Systematic framework tests for all machines #4712

karlnapf · 2019-07-09T09:46:34Z

testing

use sgobject iterator to instantiate and test all machines from a given list
individual ignore lists for each test (runtime)
automate header and machine name extraction from trained_model_serialization.cc.py
separate data generating code into environment
clean up

tests

consistency of views/subset with subsampled(no-view, same data)
training/apply leaves data unchanged
training thread consistency
test cross-validation thread consistency
import trained_model_serialization tests
delete old trained_model_serialization tests
training without initializing does throw an exception (and doesnt crash)
document non-working machines in ignore lists

karlnapf · 2019-07-09T09:47:37Z

tests/unit/machine/all_machines_unittest.cc

+	}
+}
+
+TEST(AllMachines, cv_thread_consistency)


@theartful these are the kind of tests I was talking about.

these are very nice!

do you think separating the data generating code to the public interface would be a good idea? examples would benefit from them for instance

yes I want to move all that into an environment similar to those used by trained_model_serialization so the data can be re-used for other instances. Will add that to the list, thanks

karlnapf · 2019-07-09T15:11:26Z

tests/unit/evaluation/CrossValidation_unittest.cc

@@ -1,206 +0,0 @@
-/*


these are subsumed by the new ones

vigsterkr

redundant and inconsistent

vigsterkr · 2019-07-10T10:03:03Z

tests/unit/machine/all_machines_unittest.cc

+
+TEST(AllMachines, train_thread_consistency)
+{
+	std::set<std::string> ignores = {


copy-paste all around the source... plz avoid redundancy

the ignores are test-specific.

yeah 3x times the very same ignore

this is because the number of tested machines is small and not yet automated. Although there are already differences here, see random forest. For more machines tested, there will be more diversity. If not, i can of course drop this.

since you copy paste 3 times the value... you could create a value of it instead of copy-pasting the same string around. 1 copy-paste is one too many imo

sure, i will look into this once the coverage is bigger

vigsterkr · 2019-07-10T10:04:30Z

tests/unit/machine/all_machines_unittest.cc

+		cv->put("seed", 1);
+		auto result_single = cv->evaluate();
+
+		get_global_parallel()->set_num_threads(4);


this is a by-chance checking of the consistency... depends on many aspects. for example on the machine that the code is being run on etc.

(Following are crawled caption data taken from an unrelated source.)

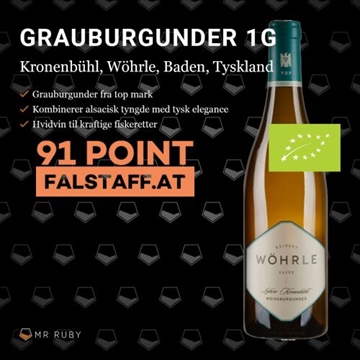 2021 Grauburgunder, Lahrer Kronenbühl 1G, Weingut Wöhrle, Baden, Tyskland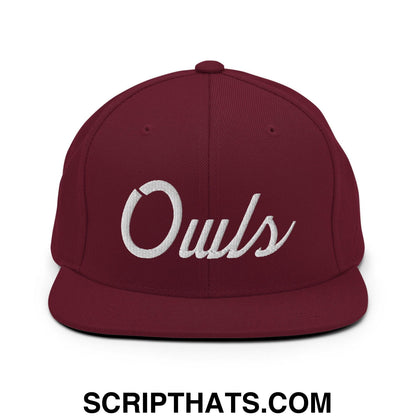 Owls School Mascot Script Snapback Hat Maroon
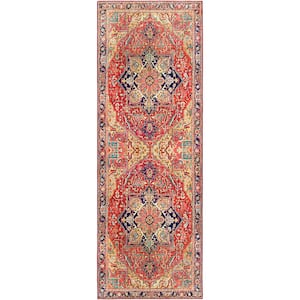 Alfons Red/Gold 2 ft. 6 in. x 7 ft. 6 in. Area Rug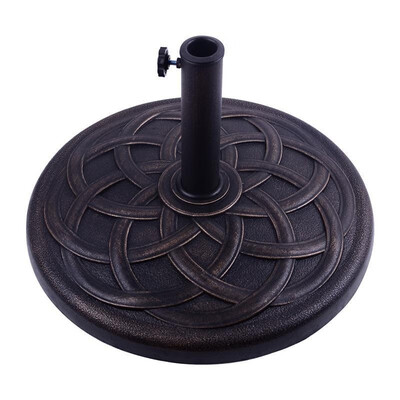 

215 Round Decorative Cast Stone Patio Umbrella Holder Base - Bronze Finish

true, but this already revealed bugs. open for ways to improve

that's one thing that you have a test locally to have this tested... its another thing that have this formalised in a test that is part of the codebase and the CI that is going to be run on many different arch/distro etc...

for example:

do not use global_parallel - that is going to be dropped eventually - the sooner the better

why 4, why not 8, or 3 or 11 or 42? you could actually use a function to get the runtime env supported number of max threads and use that number, and if it's 1 then say that foobar.
....

the number is of course arbitrary, good idea to use the available number of threads, i will do that

vigsterkr · 2019-07-10T10:05:40Z

tests/unit/machine/all_machines_unittest.cc

+		init_machine(machine);
+		auto data = generate_data(machine);
+
+		machine->set_labels(data.second);


the triplet: set_labels, train, apply sprayed around this source again... while it could be a function that returns a tuple that you nicely tie and get it back

for further info: https://en.cppreference.com/w/cpp/language/structured_binding

but in this case you would actually just return the predictions... so you dont even need that... just pass the rvalue of the tuple (labels, data)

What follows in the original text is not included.